American Heritage® Dictionary of the English Language, Fourth Edition
- v. To hold or support while moving; bear: carried the baby in my arms; carrying a heavy backpack. See Synonyms at convey.
- v. To take from one place to another; transport: a train carrying freight; a courier carrying messages.
- v. Chiefly Southern U.S. To escort or accompany.
- v. To serve as a means for the conveyance of; transmit: pipes that carry waste water; a bridge that carries traffic between the two cities.
- v. To communicate; pass on: The news was carried by word of mouth to every settlement.
- v. To express or contain: harsh words that carried a threat of violence.
- v. To have (something) on the surface or skin; bear: carries scars from acne.
- v. To hold or be capable of holding: The tank carries 16 gallons when full.
- v. To support (a weight or responsibility).
- v. To support the weight or responsibility of: a beam that carries the floor; a student who carries a heavy course load.
- v. To keep or have on one's person: stopped carrying credit cards.
- v. To be pregnant with.
- v. To hold and move (the body or a part of it) in a particular way: carried her head proudly.
- v. To behave or conduct (oneself) in a specified manner.
- v. To extend or continue in space, time, or degree: carried the line to the edge of the page; carry a joke too far.
- v. To give impetus to; propel: The wind carried the ball over the fence.
- v. To take further; advance: carry a cause.
- v. To take or seize, especially by force; capture.
- v. To be successful in; win: lost the game but carried the match.
- v. To gain victory, support, or acceptance for: The motion was carried in a close vote.

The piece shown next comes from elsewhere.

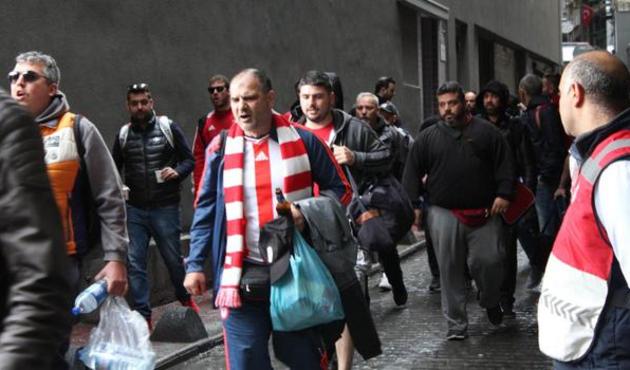 Olympiakos tribün lideri otelde uyuya kaldı!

- v. To win a majority of the votes in: Roosevelt carried all but two states in the 1936 presidential election.
- v. To gain the sympathy of; win over: The amateurs' enthusiasm carried the audience.
- v. To include or keep on a list: carried a dozen workers on the payroll.
- v. To have as an attribute or accompaniment: an appliance carrying a full-year guarantee.
- v. To involve as a condition, consequence, or effect: The crime carried a five-year sentence.
- v. To transfer from one place, as a column, page, or book, to another: carry a number in addition.
- v. To keep in stock; offer for sale: a store that carries a full line of electronic equipment.
- v. To keep in one's accounts as a debtor: carried the unemployed customer for 90 days.
- v. To maintain or support (one that is weaker or less competent, for example).
- v. To compensate for (a weaker member or partner) by one's performance.
- v. To place before the public; print or broadcast: The morning papers carried the story. The press conference was carried by all networks.
- v. To produce as a crop.
- v. To provide forage for (livestock): land that carries sheep.
- v. To sing (a melody, for example) on key: carry a tune.
- v. Nautical To be equipped with (a mast or sail).
- v. Sports To cover (a distance) or advance beyond (a point or object) in one golf stroke.
- v. Sports To control and advance (a ball or puck).
- v. Basketball Sports To palm (the ball) in violation of the rules.
- v. To act as a bearer: teach a dog to fetch and carry.
- v. To be transmitted or conveyed: a voice that carries well.
- v. To admit of being transported: Unbalanced loads do not carry easily.
- v. To hold the neck and head in a certain way. Used of a horse.
- v. To be accepted or approved: The proposal carried by a wide margin.
- n. The act or process of carrying.
- n. A portage, as between two navigable bodies of water.
- n. The range of a gun or projectile.
- n. The distance traveled by a hurled or struck ball.
- n. Reach; projection: "a voice that had far more carry to it than at any time in the term thus far” ( Jimmy Breslin).
- n. Football An act of running with the ball from scrimmage: a carry of two yards.
- carry away To move or excite greatly: was carried away by desire.
- carry forward Accounting To transfer (an entry) to the next column, page, or book, or to another account.
- carry off To cause the death of: was carried off by a fever.
- carry off To handle successfully: carried off the difficult situation with aplomb.
- carry on To conduct; maintain: carry on a thriving business.
- carry on To engage in: carry on a love affair.
- carry on To continue without halting; persevere: carry on in the face of disaster.
- carry on To behave in an excited, improper, or silly manner.
- carry out To put into practice or effect: carry out a new policy.
- carry out To follow or obey: carry out instructions.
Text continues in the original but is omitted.